New Power Outage Strikes Parts of Idaho
A second blackout struck parts of Idaho on Wednesday as officials focused on a Wyoming power plant and its transmission lines as the possible source of the outage.
A short-circuit along the same transmission lines may have triggered the rapid chain-reaction outages that knocked out lights and telephone service for 1.5 million to 2 million customers in eight western states Tuesday.
After Wednesday’s disturbance, utility officials could not re-energize the power lines from the Jim Bridger coal-fired plant near Rock Springs, Wyo., and a substation in southeastern Idaho, said Gary Donnelly, a spokesman for PacifiCorp, co-owner of the plant along with Idaho Power Co.
The utilities sent up a helicopter to inspect the 200-mile stretch of power line in hopes of discovering the problem, Donnelly said.
Wednesday’s disruption apparently was limited to Idaho. Power flickered out in southern Idaho at 2:10 p.m. local time, and the Idaho Statehouse was among the buildings that lost power for a few minutes.

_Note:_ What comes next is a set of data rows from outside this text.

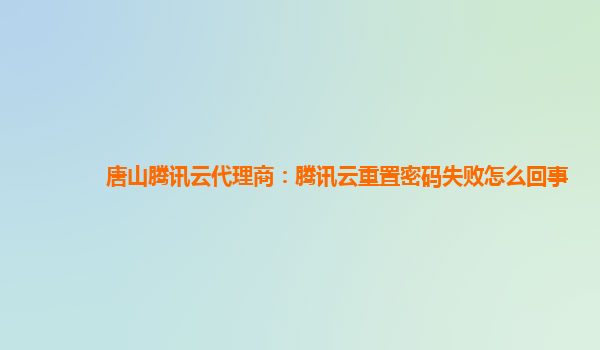 唐山腾讯云代理商：腾讯云重置密码失败怎么回事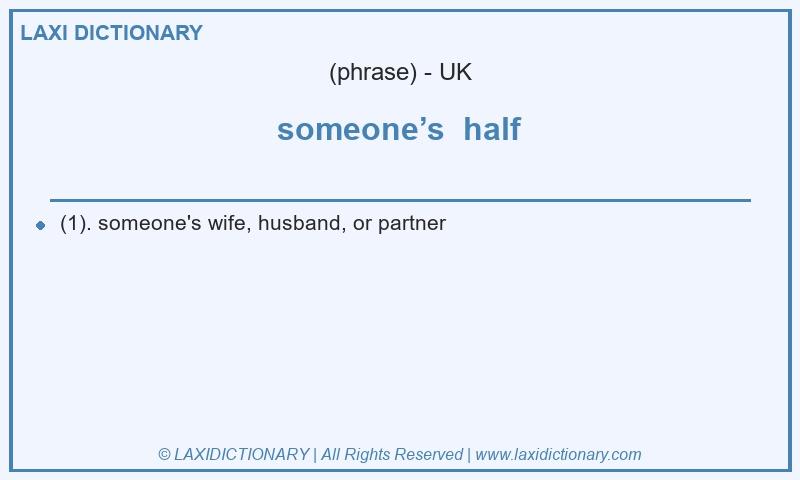 Definition someone’s  half in British English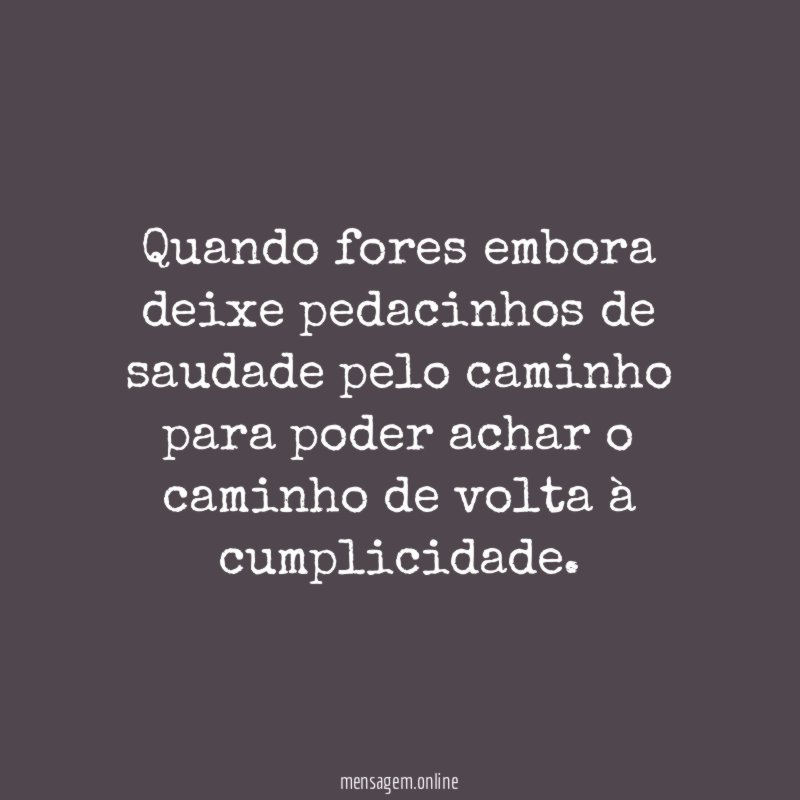 Quando fores embora deixe pedacinhos de saudade pelo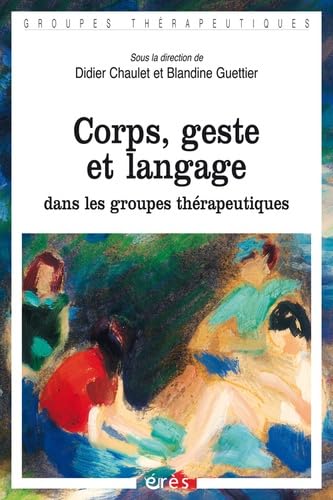 9782749247953: Corps, geste et langage dans les groupes thrapeutiques: [communications du XIXe Congrs du Centre d'information et de recherche de psychologie et psychanalyse appliques, organis  Auxe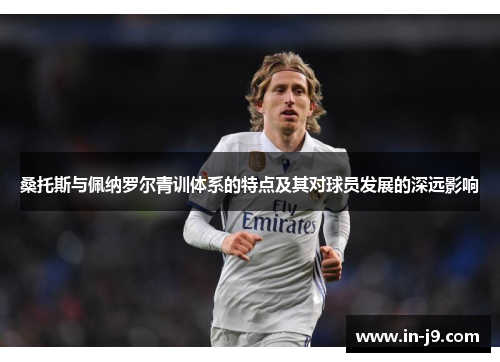 桑托斯与佩纳罗尔青训体系的特点及其对球员发展的深远影响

“We have manually overridden the system and we are manually beginning to recover the system,” Dennis Lopez, a spokesman for Idaho Power Co., said late Wednesday afternoon.
Utility officials said it could take a week to find out what caused Tuesday’s short-circuit, which sent disturbances rippling through the western power grid.
“We can rule out sabotage. We can rule out UFOs. I think we can rule out computer hackers,” said Perry Gruber, spokesman for the Bonneville Power Administration in Portland, Ore., which operates a series of Northwest hydroelectric plants.